Why is Pacing important for people with ME/CFS and Long-COVID?
A hallmark symptom of ME/CFS and Long-COVID is PEM, or Post Exertional Malaise, a worsening of some or all symptoms after exertion (physical, mental, emotional, social). And, though neither disease has any consistent, proven treatments or cure, learning energy management can help stabilize, minimize, or avoid many of the worst symptoms.
Pacing is the only energy management technique that has been shown to work to reduce or avoid symptoms from PEM.
Not pacing, often expressed as “pushing and crashing,” leads to worsening symptoms and can cause long-term or permanent damage or deterioration.
For more on why Pacing works, see here.
Consistently keeping your activities and exertions (physical, mental, emotional, social) below the level that causes a worsening of symptoms.
For definitions of key Pacing terms used on this page like “energy envelope” and PEM (Post Exertional Malaise), click here.
Note: Pacing aims to stabilize symptoms. It is not a cure and, while it often gives the patient increased symptom stability and control over their life and energy, it does not necessarily lead to a consistent increase in ability or capacity for exertion over time.
We also have links to Pacing instructional videos from other organizations here, if you prefer.
FEEL what energy you have for today
Pacing requires knowing your daily energy limits, or your “energy envelope.” Everyone’s available energy for the day is different, and it may also be different for you each day.
To learn about your own energy envelope, you need to determine your “usual” baseline. Basically, what can you “usually” do? Of course, your baseline can change, sometimes drastically, over the weeks and months, but what is it right now?
Ask yourself, what can I realistically do in a day without triggering PEM:
How many hours or minutes can I sit upright, stand, walk or do minor chores (dishes, shower)?
Can I do any vigorous activity (work, exercise, going out with friends)? How much?
How many hours do I need to recline, rest or sleep?
Can I do more later if I rest or sleep now?
Note: When you first start Pacing, you may need to measure, record and track your activity patterns in a structured way. Over time, it usually becomes easier and more “intuitive” to know (or “feel") what your energy envelope will be on any given day.
LEARN what triggers or worsens PEM
What depletes your energy, or triggers/worsens your symptoms? Different types of activities, exertions and stimulations affect different people more or less, and affect the same person more or less at different times.

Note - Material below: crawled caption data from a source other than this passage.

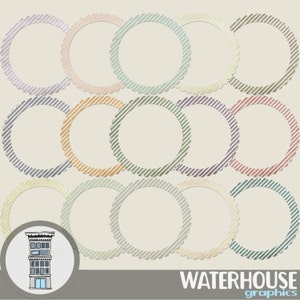 Circular &quot;digital frames&quot; multiple colors with distressed diagonal stripes. INSTANT DIGITAL DOWNLOAD. Great for scrapbooking, labels, tags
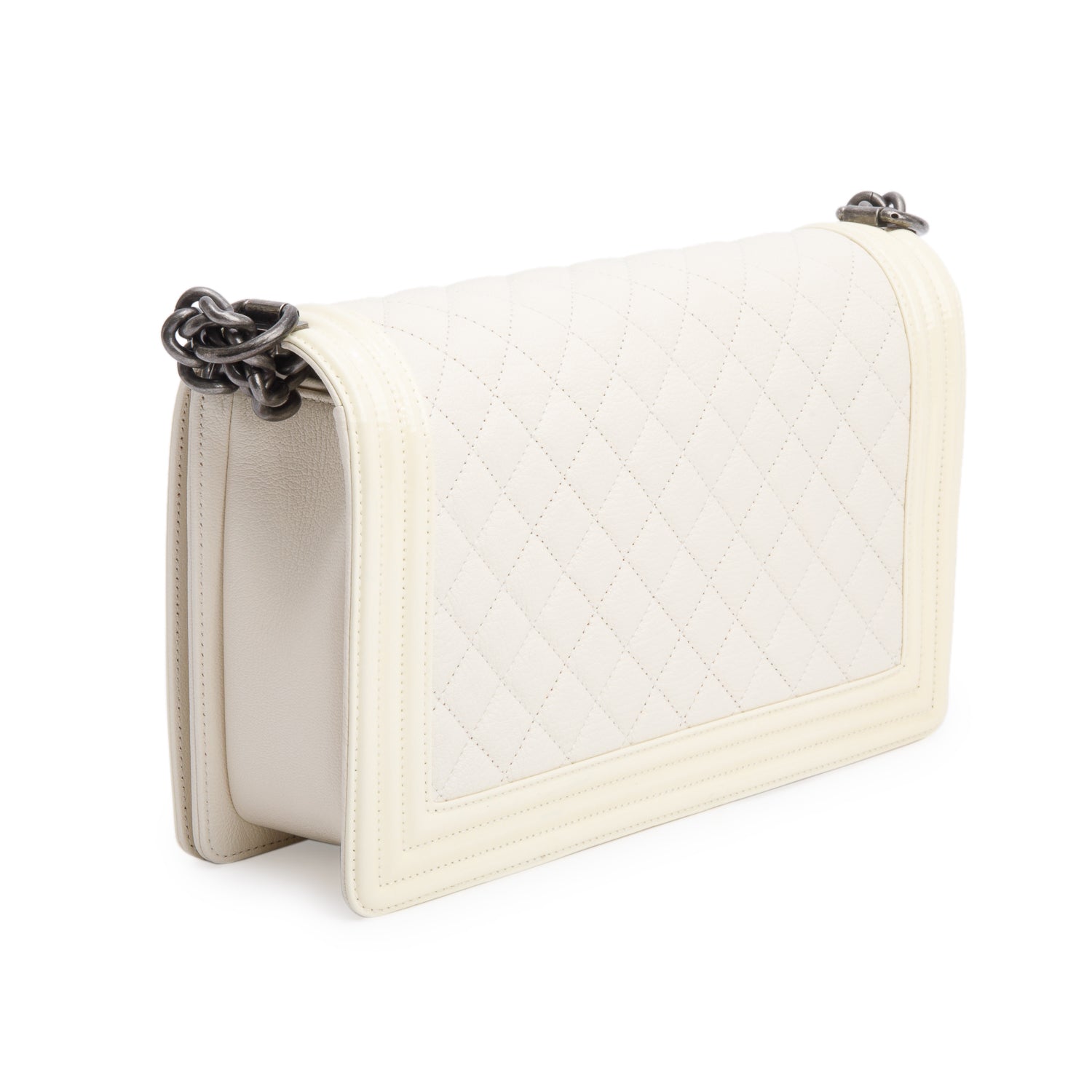 Chanel White Quilted Calfskin and Patent Leather Trim Large Boy Bag w/ Box & Receipt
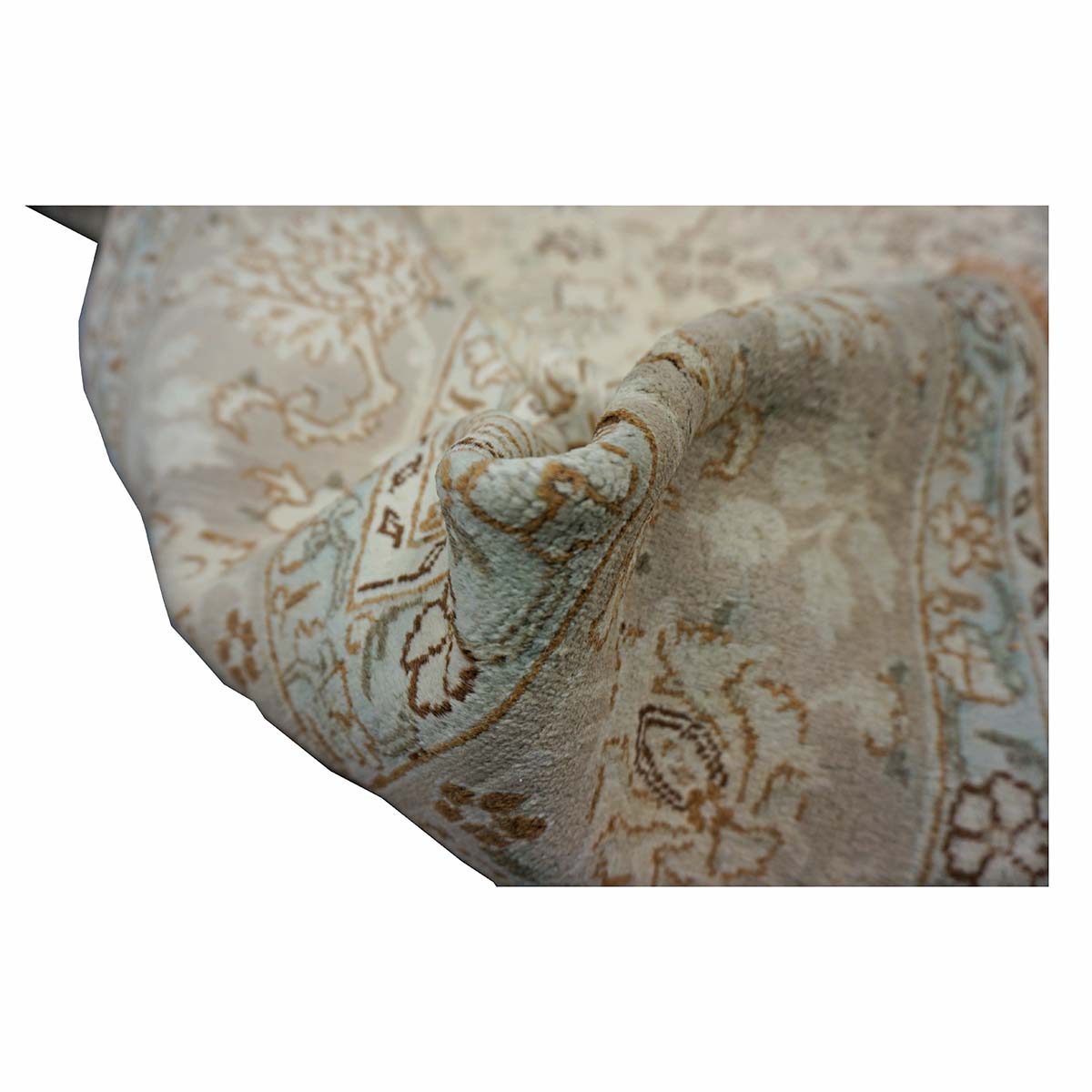 Antique Persian Tabriz Wool 6x10 Ivory, Tan & Light Blue Handmade Area Rug #1140393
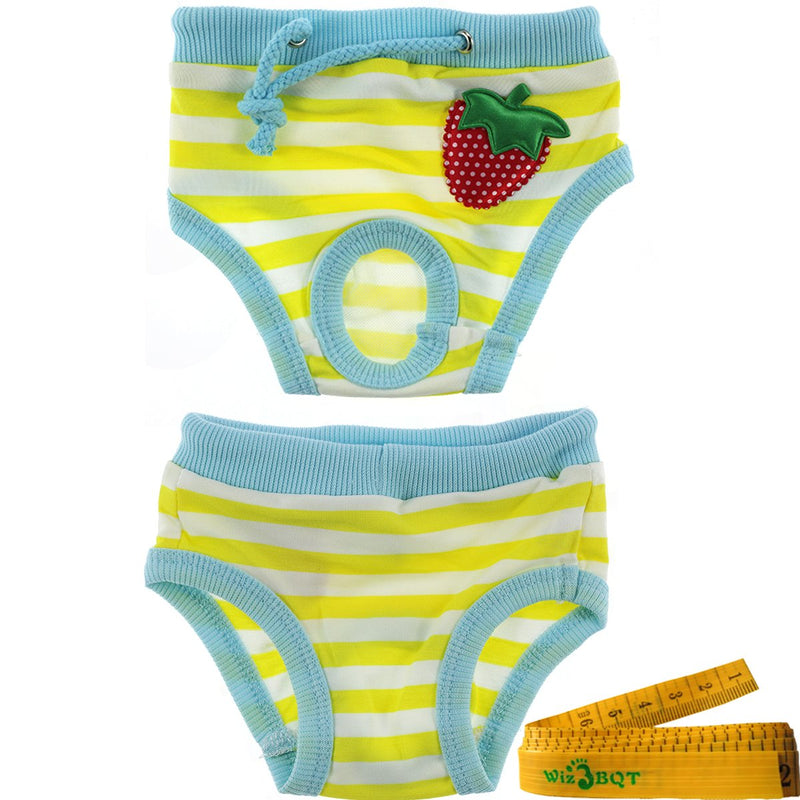 [Australia] - Wiz BBQT Adorable Reusable Washable Strawberry Dog Pet Diapers Cover Up Sanitary Panties for Small Medium Female Girl Dogs Puppy in Spring Summer Autumn Waistline: 9.8-13.7 Inch 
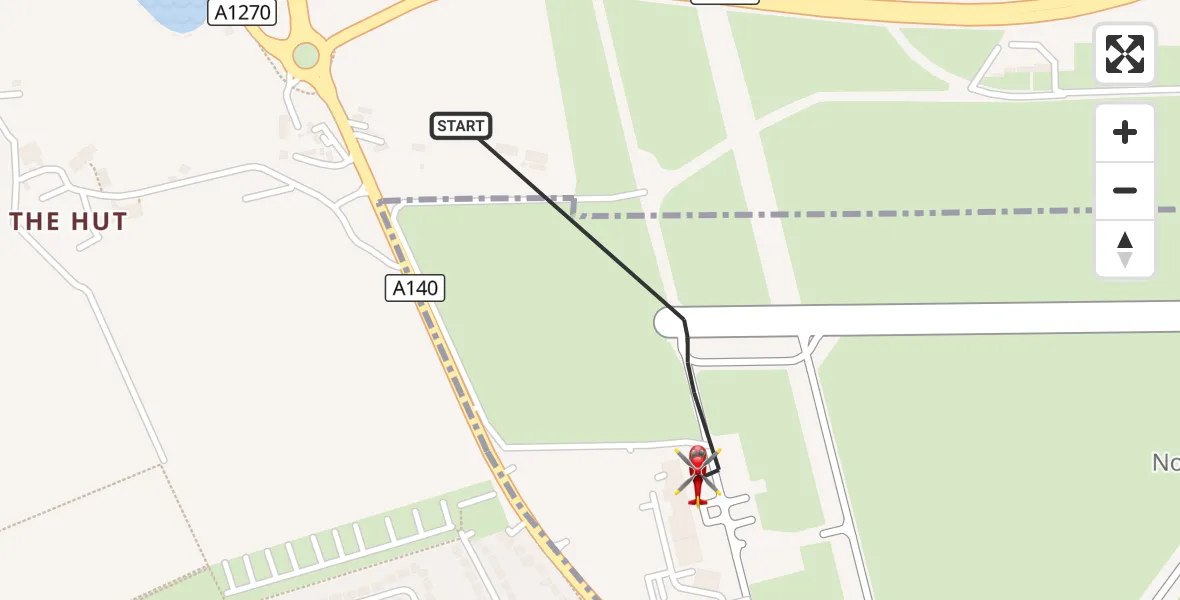 Flight route Air Ambulance Helicopter Norwich Airport - Norwich Airport, 24 September 2026, 20:13
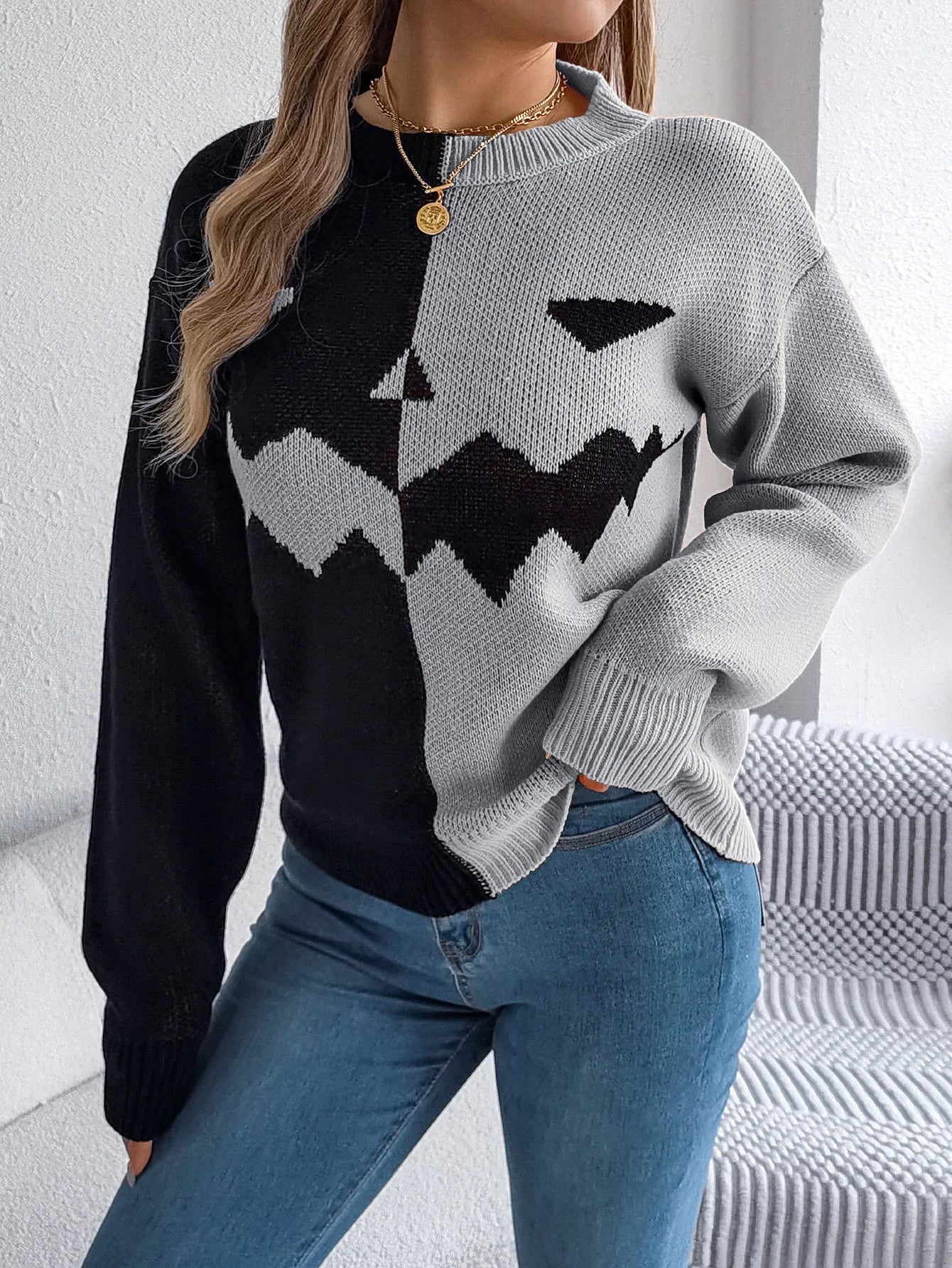 Halloween Asymmetric Color Block Sweater Jack O Lantern Face Pullover Crewneck Knit Top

Determine what the triggers are for you, then determine how much you can take of each of these exertions before you start to have worsening symptoms.
Which things you can safely do, how much of them, what time of day, in what order, and in what duration are all personal to you.
Physical (anything from simply sitting upright, standing or showering, to exercise)
Mental (work/school, thinking, speaking, reading, calculating)
Emotional (both positive and negative emotional response can expend energy)
Social (being with family, interacting with friends, social media)
Biological (examples may be digestion of a large or high-fibre meal, having your period)
Stimulation (light, sound, chemical, scent, vibration, touch)
ADAPT your life and activities to stay within your energy envelope
The key to Pacing is to plan activities and exertions for the day that will take LESS energy than you have available for the day (stay safely within your energy envelope).
To do this, you must think differently about how you live your life. You may have always had lots of energy or been able to “push through” to get things done. You can not and should not do this with ME/CFS or Long-COVID.
“Pushing through” when your body tells you it is too much WILL trigger PEM and may land you on the couch, in pain, feeling weak and sick, or worse for days or even weeks and months.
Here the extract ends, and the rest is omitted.